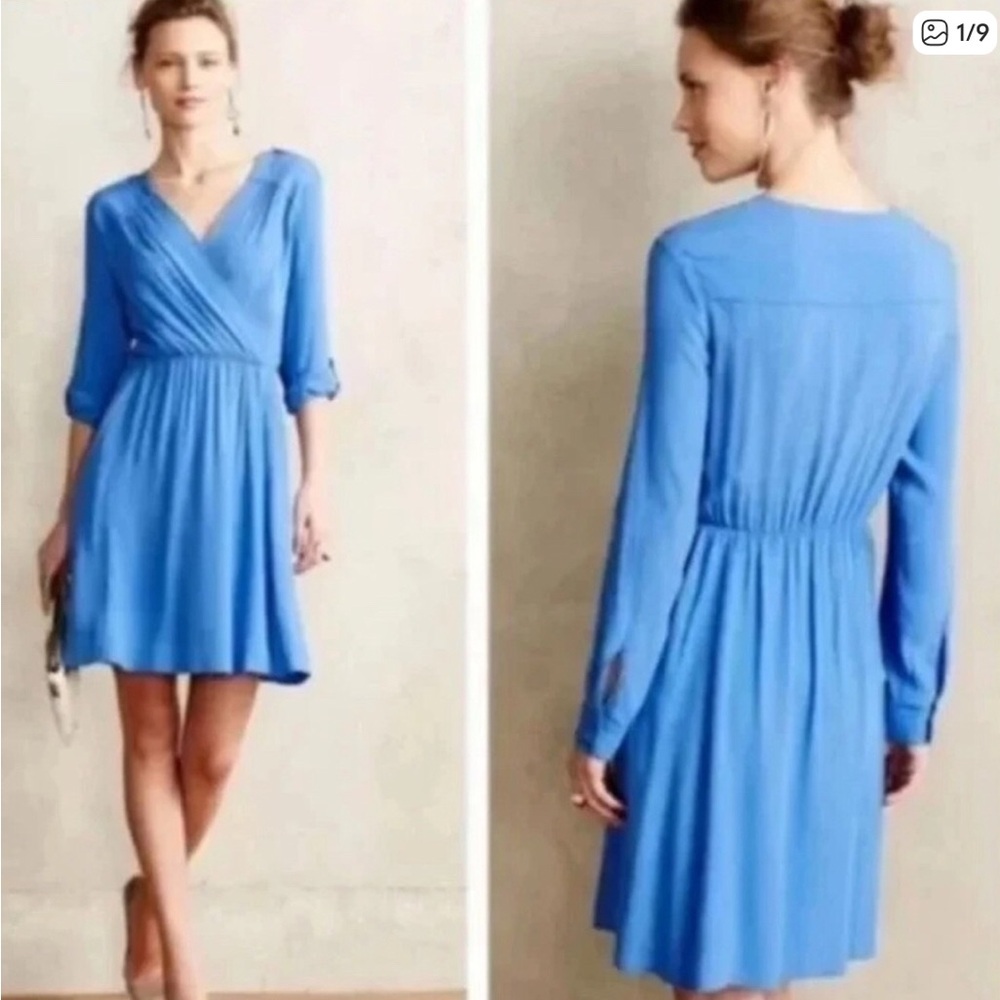 Anthropologie Maeve Lene Crepe Faux Wrap Dress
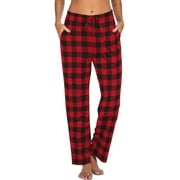 Avidlove Women Pajama Pants with Pockets Stretch Buffalo Red Plaid Pajama Bottoms Drawstring Christmas Pj Pants Sleepwear Casual Cozy Lounge Pants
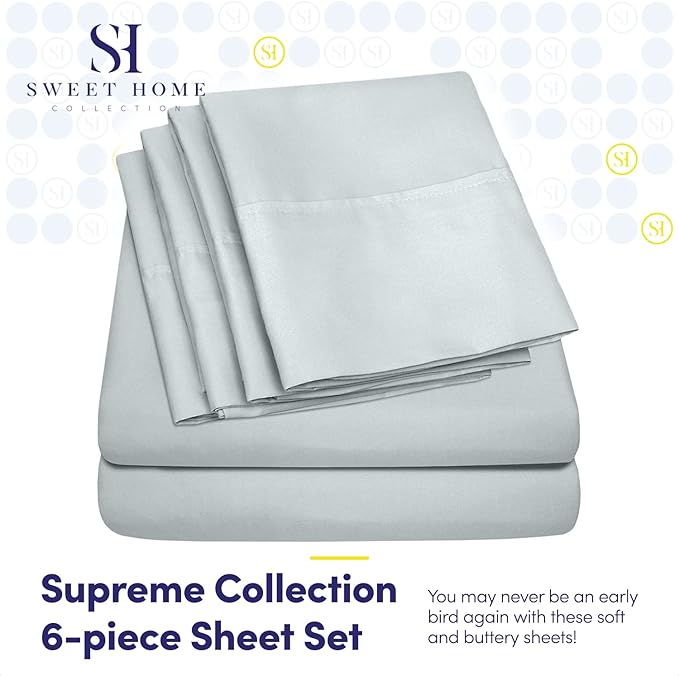 Cal King Size Bed Sheets - 6 Piece 1500 Supreme Collection Fine Brushed Microfiber Deep Pocket California King Sheet Set Bedding - 2 Extra Pillow Cases, Great Value, California King, Porclain Blue
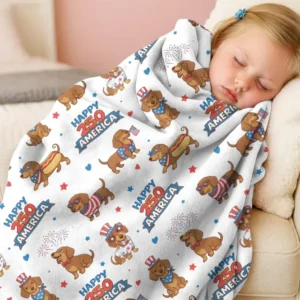 Red, White & Wiener Bamboo Blanket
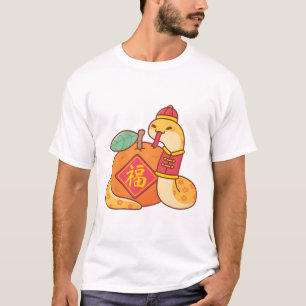 Cute Snake Curl Around Orange Good Fortune T-Shirt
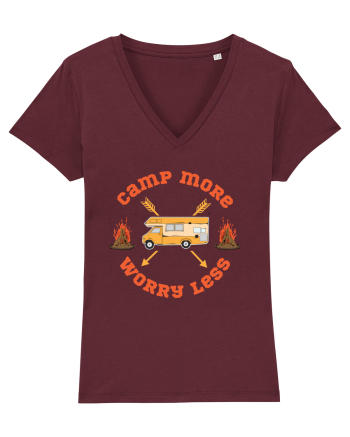 Camp More Worry Less Burgundy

- [Task statement]
Drop the pictures, then reproduce exactly the lines from the one with "Cute Snake Curl" through the final line of the listing.

- [Answer to this task]
 Cute Snake Curl Around Orange Good Fortune T-Shirt
 Camp More Worry Less Burgundy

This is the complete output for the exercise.